### Problem details
Write out the data exactly as given, dropping every picture.

### Data listing
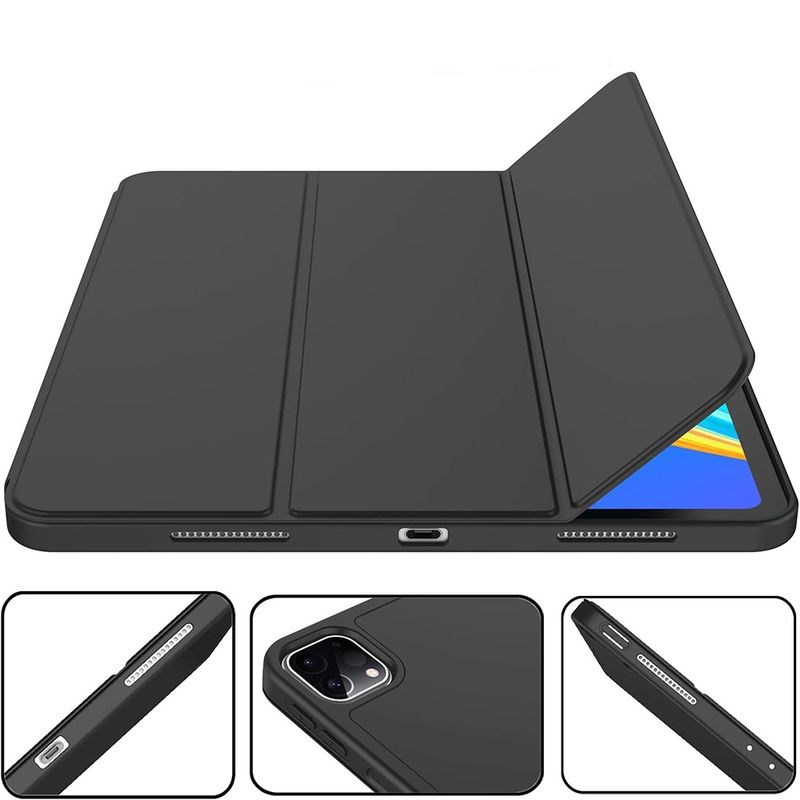 Laptop, Telefoane si Tablete - Tablete si accesorii tablete - Accesorii Tablete - Huse tablete - Husa pentru iPad Pro 12.9 (2018/2020/2021/2022) - Techsuit Flex Trifold - Negru - Infinity.ro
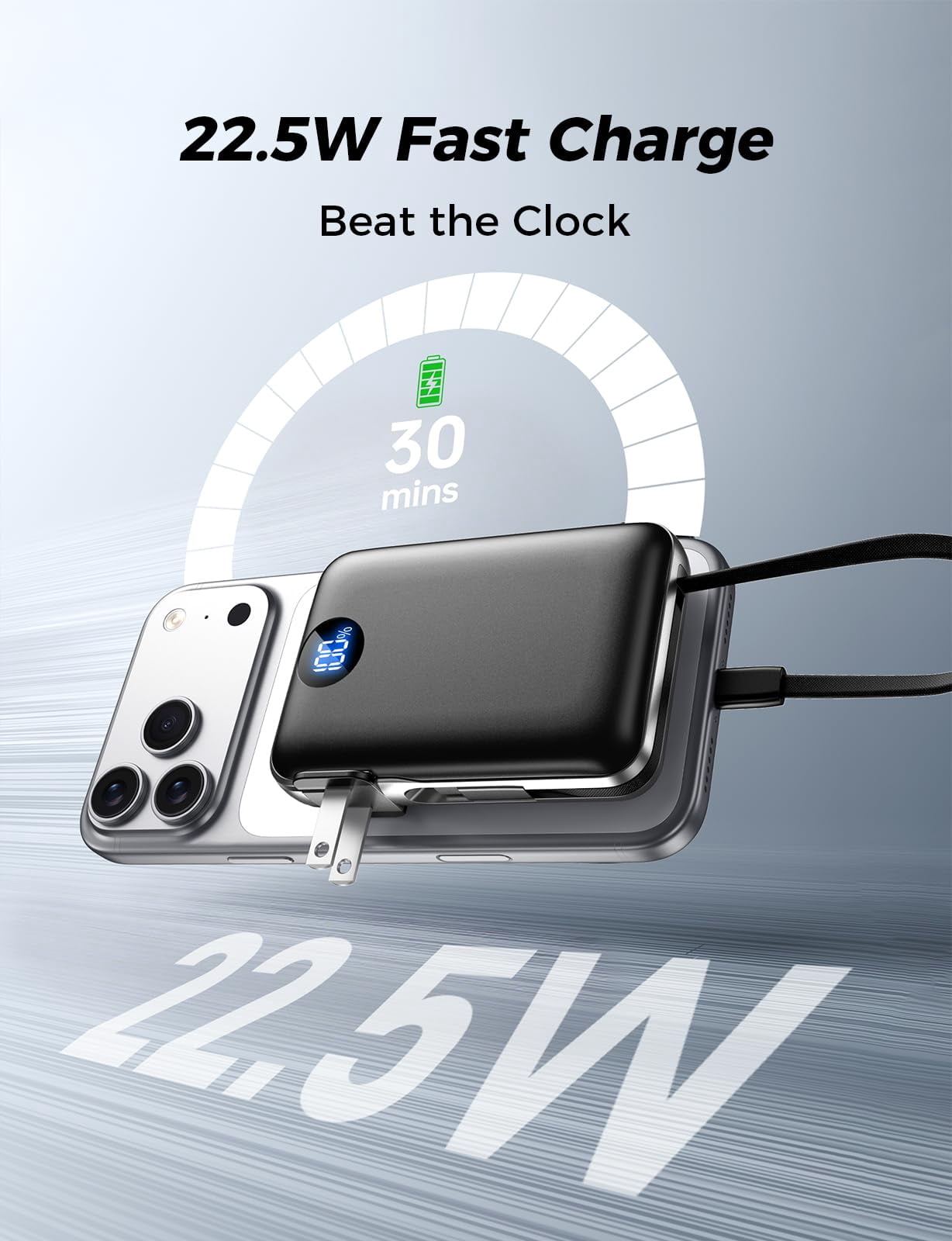 Portable Charger with Wall Plug,Power Bank 10000mAh 22.5W Fast Charging, 4 Outputs Slim Battery Pack with LED Display, Built in Cables All in One Travel Charger for iPhone 17/16/15/14 ,Classic Black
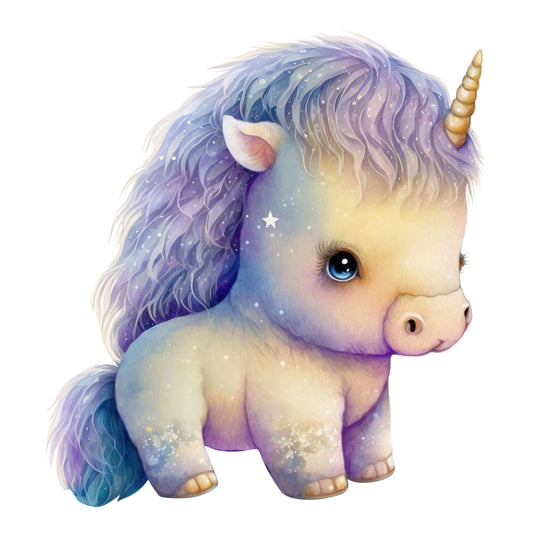 Einhorn Glitzer lila | Bügelbild & UV-DTF Sticker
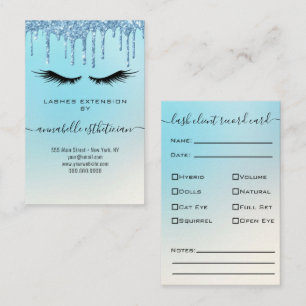 Tarjeta De Visita Purpurina Blue Eyelash Extension Client Record Bus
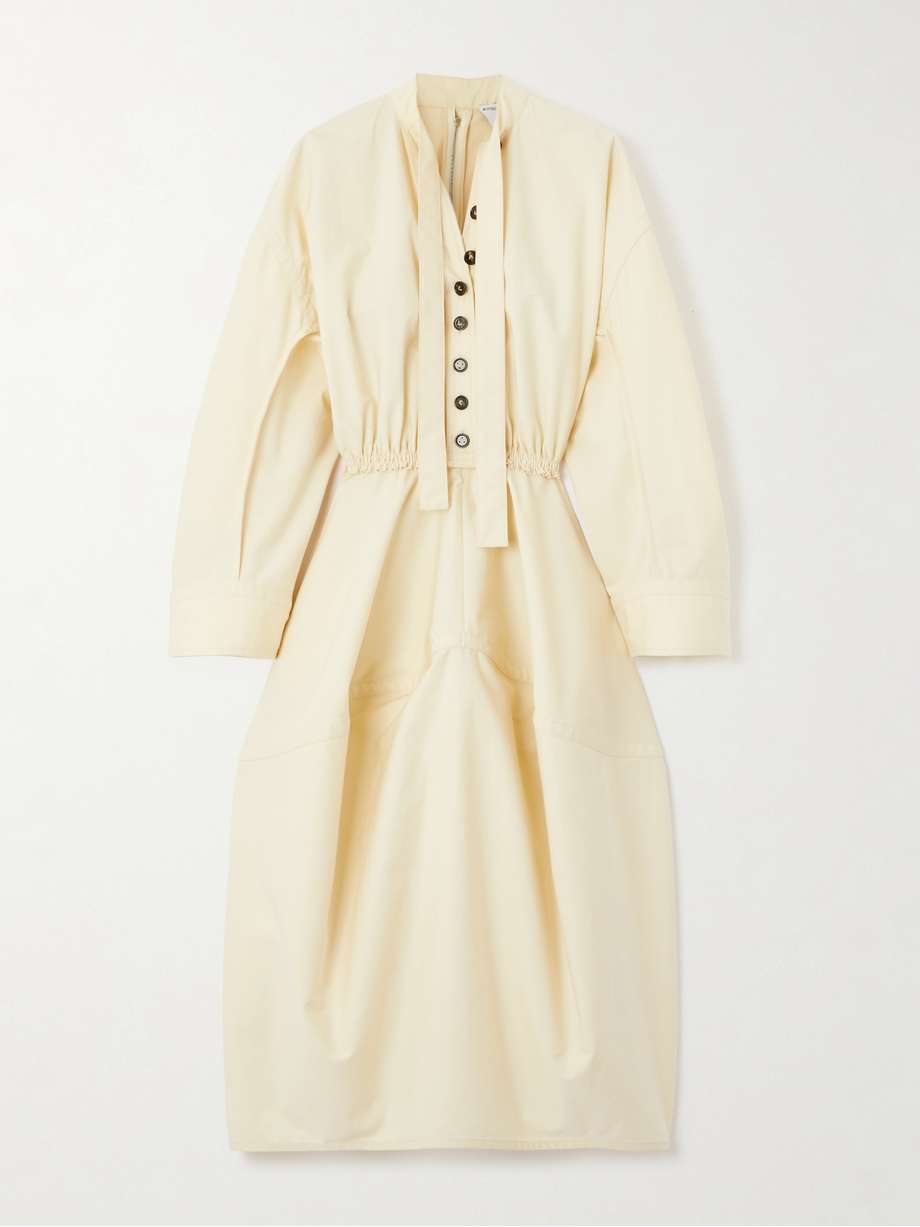 tie-detailed gathered cotton-twill midi shirt dress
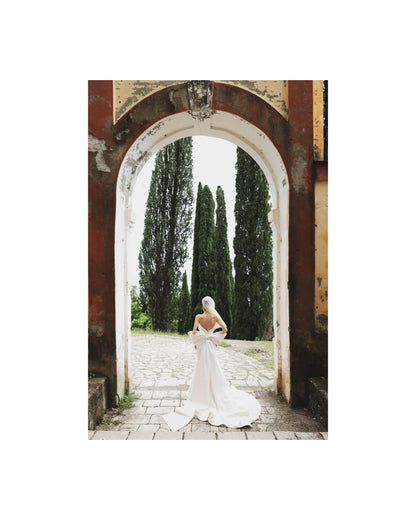 Strapless Mermaid Wedding Dress with Back Bow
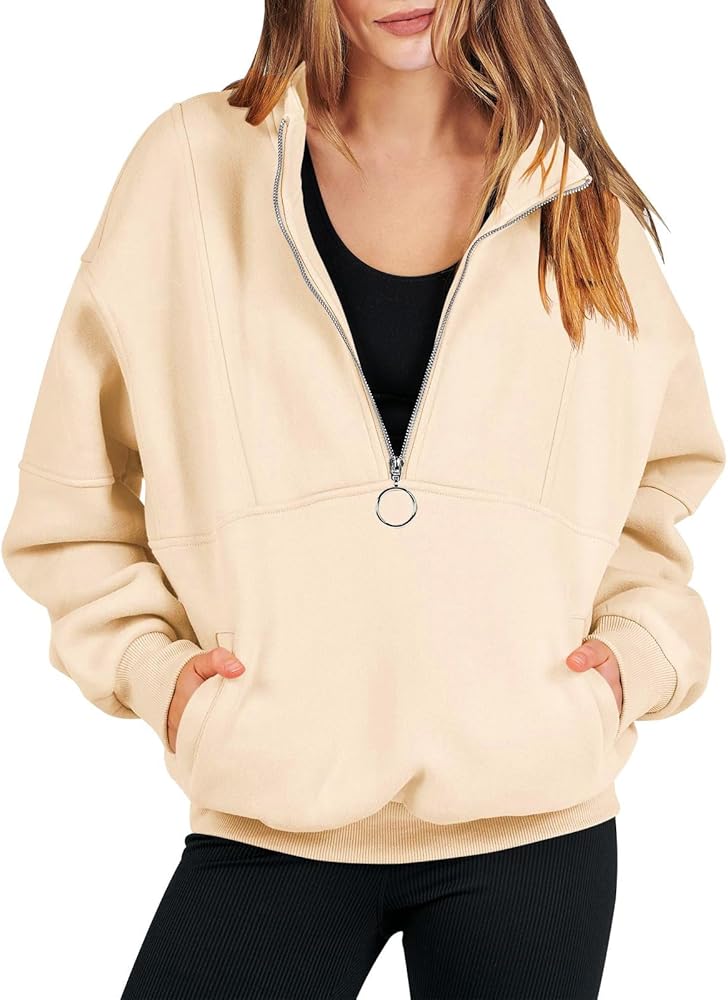 Half Zip Sweatshirt Women Fall Fashion Outfits Casual Long Sleeve Quarter Zip Up Hoodie Sweatshirts y2k Clothes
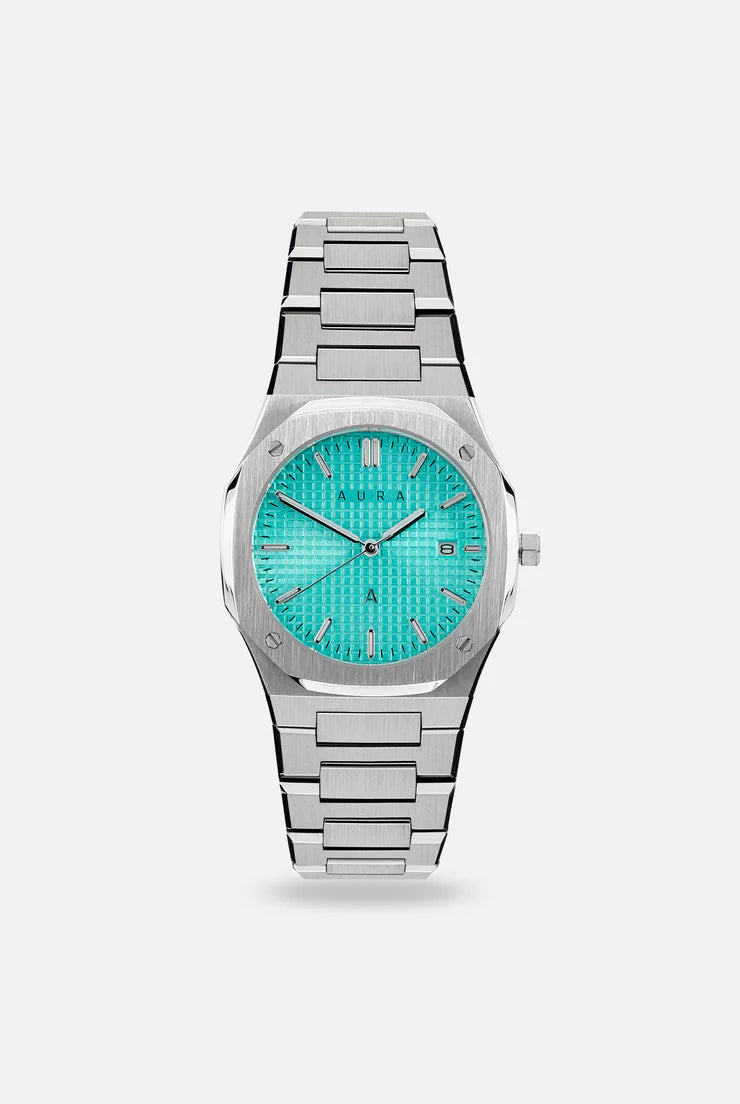 Aura Date 004 Steel/Turquoise Watch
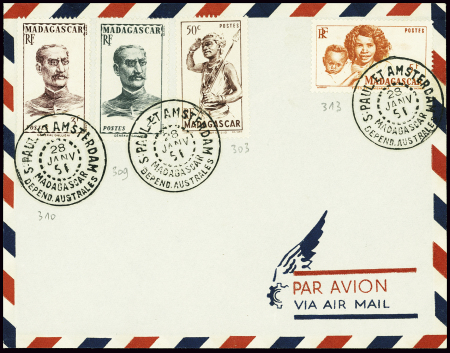 Madagascar n°303 + 309 + 310 + 313 obl CAD "S.Paul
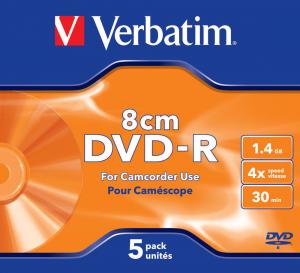 DVD-R 8cm Verbatim 1.4GB 4x carcasa 5 bucati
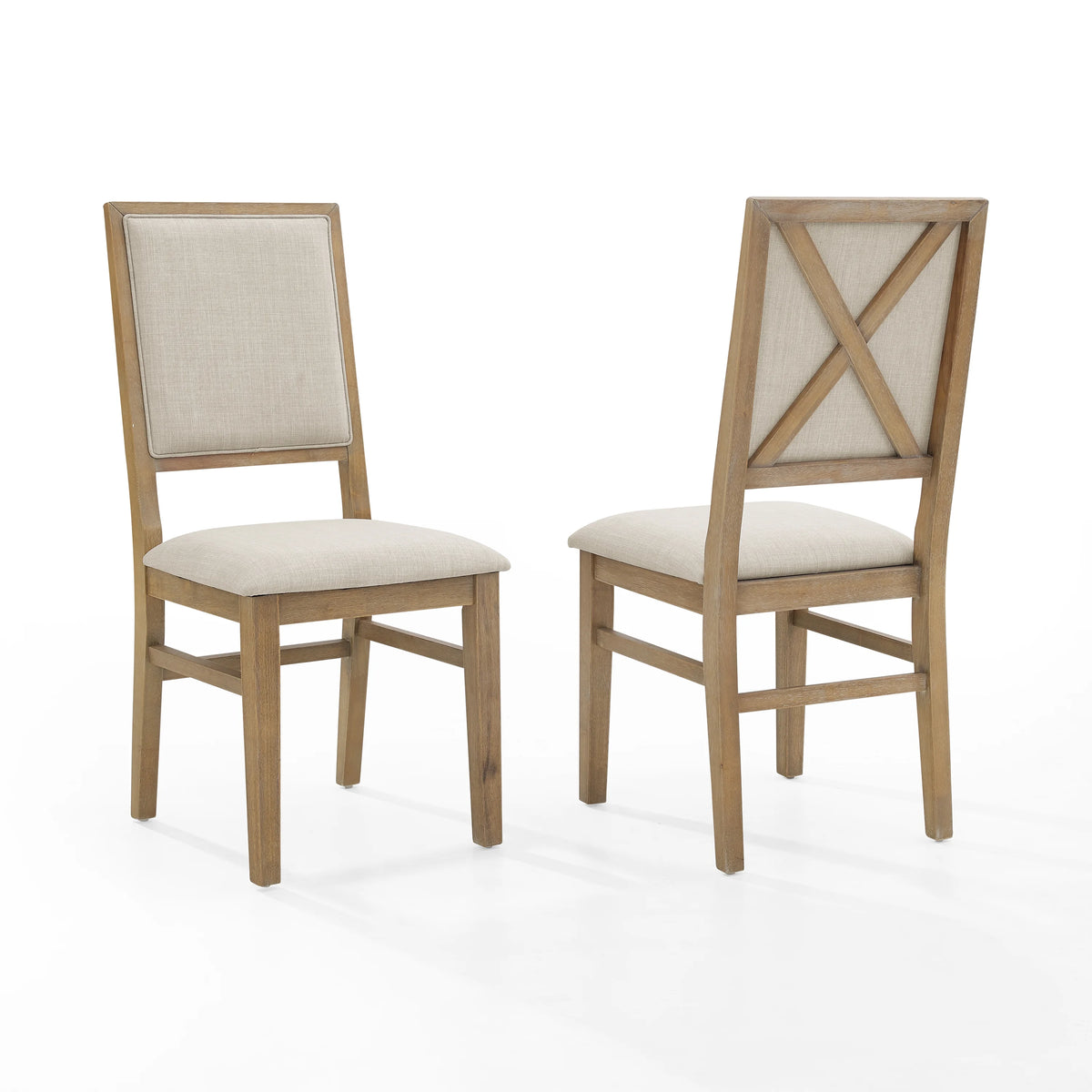 Brown Wood Upholstered Back Chair Set of 2 Z66954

### Your solution
 Laptop, Telefoane si Tablete - Tablete si accesorii tablete - Accesorii Tablete - Huse tablete - Husa pentru iPad Pro 12.9 (2018/2020/2021/2022) - Techsuit Flex Trifold - Negru - Infinity.ro
 Portable Charger with Wall Plug,Power Bank 10000mAh 22.5W Fast Charging, 4 Outputs Slim Battery Pack with LED Display, Built in Cables All in One Travel Charger for iPhone 17/16/15/14 ,Classic Black
 Einhorn Glitzer lila | Bügelbild & UV-DTF Sticker
 Tarjeta De Visita Purpurina Blue Eyelash Extension Client Record Bus
 tie-detailed gathered cotton-twill midi shirt dress
 Strapless Mermaid Wedding Dress with Back Bow
 Half Zip Sweatshirt Women Fall Fashion Outfits Casual Long Sleeve Quarter Zip Up Hoodie Sweatshirts y2k Clothes
 Aura Date 004 Steel/Turquoise Watch
 Madagascar n°303 + 309 + 310 + 313 obl CAD "S.Paul
 DVD-R 8cm Verbatim 1.4GB 4x carcasa 5 bucati
 Brown Wood Upholstered Back Chair Set of 2 Z66954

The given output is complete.